Real World Evidence
The role of real-world evidence is increasingly relevant to Market Access authorities. This is particularly true for products that carry an early evidence package or are being developed in rare indications. In these cases, additional data may be requested by responsible health authorities.
The collection of RWE may be facilitated as a proactive activity to enrich your HTA application or reactively as a requirement from local HTA process. In both cases, IGES can support in collecting RWE: from study conceptualization, study site recruitment, data collection, biostatistical analysis until result presentation and submission in HTA processes. With our in-house CRO and Biostats team we can support you along the way.
Strategic and operational assessment of RWE generation possibilities is vital in shaping a product’s evidence generation program. By combining our vast experience in evidence generation as well as HTA across key European markets with out network of clinical stakeholders, we help our clients understand the possibilities, benefits, but also limitations of RWE generation for medical research as well as HTA.
We develop tailored study concepts with strategic use of RWE for HTA submissions, following methodological requirements of local HTA bodies. We understand RWE generation takes time and can be challenging. It is thus key to get it right and ensure that the results can be utilized to strengthen a product’s value proposition in HTA and beyond.
Individual study concepts for present registry data, as well as concepts for the creation of new or further development of existing registries, including strategies to enhance data quality and minimize missing data.
Data collection from patient charts in the lack of suitable preexisting registry data. The services include the preparation of a study protocol and statistical analysis plan, electronic Case Report (eCRF) development, data management, site selection, Ethics Committee submission, and monitoring.

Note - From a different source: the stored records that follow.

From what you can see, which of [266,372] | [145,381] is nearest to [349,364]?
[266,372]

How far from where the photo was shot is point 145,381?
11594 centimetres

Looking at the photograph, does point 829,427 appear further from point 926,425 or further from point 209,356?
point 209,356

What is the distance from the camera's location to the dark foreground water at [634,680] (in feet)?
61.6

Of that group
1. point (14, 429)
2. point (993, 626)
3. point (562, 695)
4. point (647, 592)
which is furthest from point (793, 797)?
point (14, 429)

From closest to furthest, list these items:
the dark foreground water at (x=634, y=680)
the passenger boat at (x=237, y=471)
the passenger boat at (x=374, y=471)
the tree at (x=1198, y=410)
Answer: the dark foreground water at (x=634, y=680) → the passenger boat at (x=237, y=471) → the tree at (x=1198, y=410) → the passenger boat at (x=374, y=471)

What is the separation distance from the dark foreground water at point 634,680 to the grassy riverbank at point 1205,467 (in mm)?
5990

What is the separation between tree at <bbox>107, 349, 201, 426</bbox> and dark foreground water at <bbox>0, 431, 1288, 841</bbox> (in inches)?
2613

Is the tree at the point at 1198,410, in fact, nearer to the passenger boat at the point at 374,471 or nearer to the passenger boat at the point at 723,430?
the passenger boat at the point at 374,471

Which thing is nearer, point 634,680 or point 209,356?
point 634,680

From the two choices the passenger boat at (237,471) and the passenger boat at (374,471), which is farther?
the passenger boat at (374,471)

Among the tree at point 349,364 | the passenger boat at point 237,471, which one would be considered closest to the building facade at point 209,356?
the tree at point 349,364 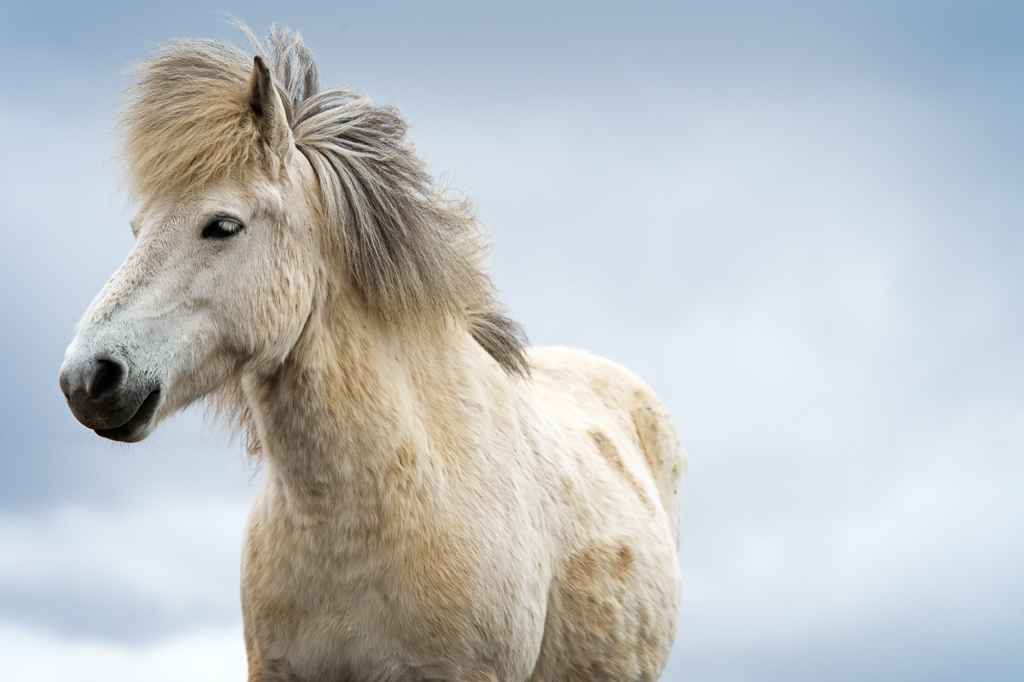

Studies, in the context of which findings resulting from individuals' treatment with medicinal products are analysed using epidemiological methods; the treatment, including the diagnosis and monitoring, does not follow a predetermined trial protocol but results exclusively from current medical practice.
Implementation of RWE studies, including electronic Case Report Form (eCRF) development, data management, project management and continuous supervision of study progress and data quality. Services can be complemented as required by our full-service in-house Contract Research Organization (CRO) (Clinical Study Group).
Full-service HTA dossier submission including presentation of RWE study results according to HTA requirements. The service includes dossier document preparation, information compilation, interaction with authorities, strategic alignment, post-hoc analyses and extensive procedural support including written statements and oral hearings in the AMNOG procedure. Trainings for oral hearing are offered.
Centralized and comprehensive clinical trial services for the pharmaceutical, biotechnology and medical device industries provided by our in-house Contract Research Organization (CRO). The service includes, but is not limited to, regulatory authority and Ethics Committee submission, study start up at the sites and continuous site support, project management, data management and monitoring of clinical trials of all phases (I-IV) as well as NIS (non-interventional studies) and RWE studies.